If it makes it easier for you to understand, by all means stick to what you know. I prefer to define my currents in whatever manner is prudent for me at the time (and thanks for your permission to do so

).
Kirchhoff's current law can be stated both ways (actually 3 ways) and to say otherwise is just nonsense. We could site sources all day that show you are wrong to imply those that do not formulate KCL the way you do are making a mistake, but here are a few:
Slone's Standard Electrical Dictionary (1892):
When a steady current branches, the quantity of electricity arriving by the single wire is equal to the quantity leaving the junction by the branches. The algebraical sum of the intensities of the currents passing towards (or passing from) the junction is equal to zero; Summation(C) = 0 (Daniell.) In the last sentence currents flowing towards the point are considered of one sign and those flowing away from it of the other.
James Clerk Maxwell
An Elementary Treatise On Electricity (1881):
(re-stating Kirchhoff's Condition of 'continuity') At any point of the system the sum of all the currents which flow towards that point is zero.
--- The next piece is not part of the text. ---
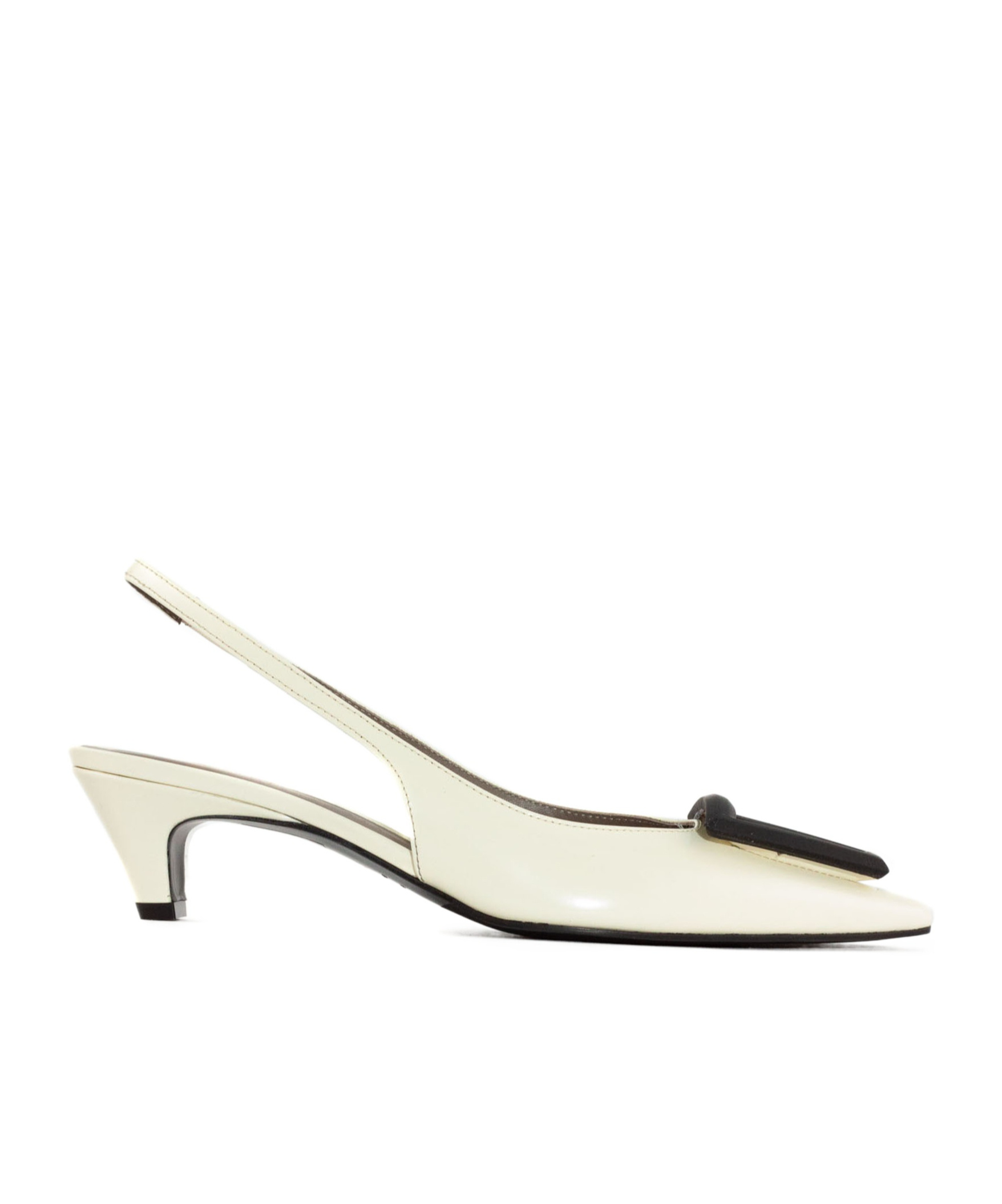 Shop Roberto Festa 50mm Dorien Pumps In White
Kendall L. Su - Georgia Tech
Fundamentals of Circuits, Electronics, and Signal Analysis-1978
Kirchhoff's current law (KCL): The sum of all currents entering any ambit at any instant must be zero.
Carter/Richardson - Univ. of Leeds
Techniques of Circuit Analysis - 1972
Kirchhoff's current law or Kirchhoff's node law, states that the algebraic sum of all the currents entering a junction point (i.e. a node) in a circuit is equal to zero
Handbook for Electricity Metering - EEI
Kirchhoff?s Current Law (KCL) can be stated in three ways:
1. The sum of the currents leaving a junction of conductors is zero at all times.
2. The sum of the currents entering a junction of conductors is zero at all times.
3. The sum of the currents entering a junction of conductors is equal to the sum of the currents leaving the junction of conductors.